Le nouveau statut de la magistrature est aligné aux avancées constitutionnelles. C’est ce qui ressort de la présentation de ce texte devant la commission du Conseil de la Nation.
Le ministre de la Justice, garde des Sceaux, Lotfi Boudjemaa présente devant la même commission le projet de loi organique portant nouveau statut de la magistrature, destiné à remplacer le texte en vigueur depuis 2004. Ce nouveau cadre législatif, composé de 110 articles, s’inscrit dans la continuité des réformes engagées depuis l’adoption de la Constitution de 2020, qui a profondément redéfini les fondements du pouvoir judiciaire.

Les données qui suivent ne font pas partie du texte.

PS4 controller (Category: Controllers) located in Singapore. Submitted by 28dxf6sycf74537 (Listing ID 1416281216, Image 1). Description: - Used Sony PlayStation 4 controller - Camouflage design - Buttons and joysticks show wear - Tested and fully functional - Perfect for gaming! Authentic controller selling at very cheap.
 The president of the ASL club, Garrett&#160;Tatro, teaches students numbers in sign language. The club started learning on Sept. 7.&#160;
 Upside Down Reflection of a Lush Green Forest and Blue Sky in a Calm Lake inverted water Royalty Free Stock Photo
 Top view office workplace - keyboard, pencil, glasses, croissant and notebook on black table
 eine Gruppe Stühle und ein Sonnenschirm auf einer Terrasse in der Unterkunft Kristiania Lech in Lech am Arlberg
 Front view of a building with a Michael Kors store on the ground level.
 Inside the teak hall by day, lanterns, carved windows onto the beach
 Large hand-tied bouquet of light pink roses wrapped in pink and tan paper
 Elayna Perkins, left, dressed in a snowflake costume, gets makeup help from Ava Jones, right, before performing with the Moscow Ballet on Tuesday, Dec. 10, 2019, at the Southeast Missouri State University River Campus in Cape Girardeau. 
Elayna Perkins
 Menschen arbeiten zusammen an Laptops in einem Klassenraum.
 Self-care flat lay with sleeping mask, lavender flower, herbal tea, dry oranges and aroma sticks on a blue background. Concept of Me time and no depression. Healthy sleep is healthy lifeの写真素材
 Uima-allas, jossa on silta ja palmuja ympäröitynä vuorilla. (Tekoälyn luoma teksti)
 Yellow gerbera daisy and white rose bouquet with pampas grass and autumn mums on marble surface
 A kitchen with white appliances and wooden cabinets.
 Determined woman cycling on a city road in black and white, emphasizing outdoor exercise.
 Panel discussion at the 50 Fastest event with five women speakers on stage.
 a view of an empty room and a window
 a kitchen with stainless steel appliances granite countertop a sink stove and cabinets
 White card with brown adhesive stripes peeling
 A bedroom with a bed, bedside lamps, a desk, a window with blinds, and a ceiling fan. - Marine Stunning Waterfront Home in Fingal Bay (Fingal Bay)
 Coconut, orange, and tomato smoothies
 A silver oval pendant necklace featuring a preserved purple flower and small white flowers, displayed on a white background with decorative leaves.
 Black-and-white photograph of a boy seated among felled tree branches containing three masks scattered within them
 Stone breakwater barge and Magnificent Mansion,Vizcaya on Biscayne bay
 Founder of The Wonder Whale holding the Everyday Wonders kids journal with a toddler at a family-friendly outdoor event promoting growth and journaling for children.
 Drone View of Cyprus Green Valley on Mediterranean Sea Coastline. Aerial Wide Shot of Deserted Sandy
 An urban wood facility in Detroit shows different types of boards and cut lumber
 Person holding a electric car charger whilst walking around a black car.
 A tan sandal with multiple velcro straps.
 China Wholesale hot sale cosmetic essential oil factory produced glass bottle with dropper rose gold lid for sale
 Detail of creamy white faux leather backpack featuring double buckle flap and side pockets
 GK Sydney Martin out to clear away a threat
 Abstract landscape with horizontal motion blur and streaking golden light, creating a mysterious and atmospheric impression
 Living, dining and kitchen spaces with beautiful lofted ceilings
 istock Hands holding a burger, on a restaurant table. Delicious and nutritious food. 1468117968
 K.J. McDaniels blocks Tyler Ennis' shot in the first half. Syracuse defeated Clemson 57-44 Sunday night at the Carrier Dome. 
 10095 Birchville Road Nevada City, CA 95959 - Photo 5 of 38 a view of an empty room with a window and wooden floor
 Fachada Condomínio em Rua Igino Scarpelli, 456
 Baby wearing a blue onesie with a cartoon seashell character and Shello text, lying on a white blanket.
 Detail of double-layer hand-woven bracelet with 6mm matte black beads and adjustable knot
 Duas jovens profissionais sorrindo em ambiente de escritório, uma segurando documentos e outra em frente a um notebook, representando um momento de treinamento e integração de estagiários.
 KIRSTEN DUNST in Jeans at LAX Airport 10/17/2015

Le texte vise à aligner le statut de la magistrature sur les avancées constitutionnelles récentes, notamment en matière d’indépendance, de spécialisation et de transparence.
Le ministre souligne que le statut actuel, élaboré sous l’ère constitutionnelle de 1996, est désormais partiellement dépassé au regard des transformations institutionnelles et sociales de l’Algérie. Le projet repose sur 3 axes majeurs. Le premier renforce les prérogatives du Conseil supérieur de la magistrature (CSM), désormais autorité centrale en matière de gestion professionnelle et disciplinaire. Il lui revient d’attribuer les nouveaux magistrats aux juridictions, d’approuver les programmes de formation, de fixer les critères de promotion, et de désigner les postes qualifiés menant à la Cour suprême ou au Conseil d’État. Le CSM assume aussi la compétence exclusive sur les détachements et les mutations, ces dernières devant désormais concilier l’intérêt du service public judiciaire et les droits des magistrats.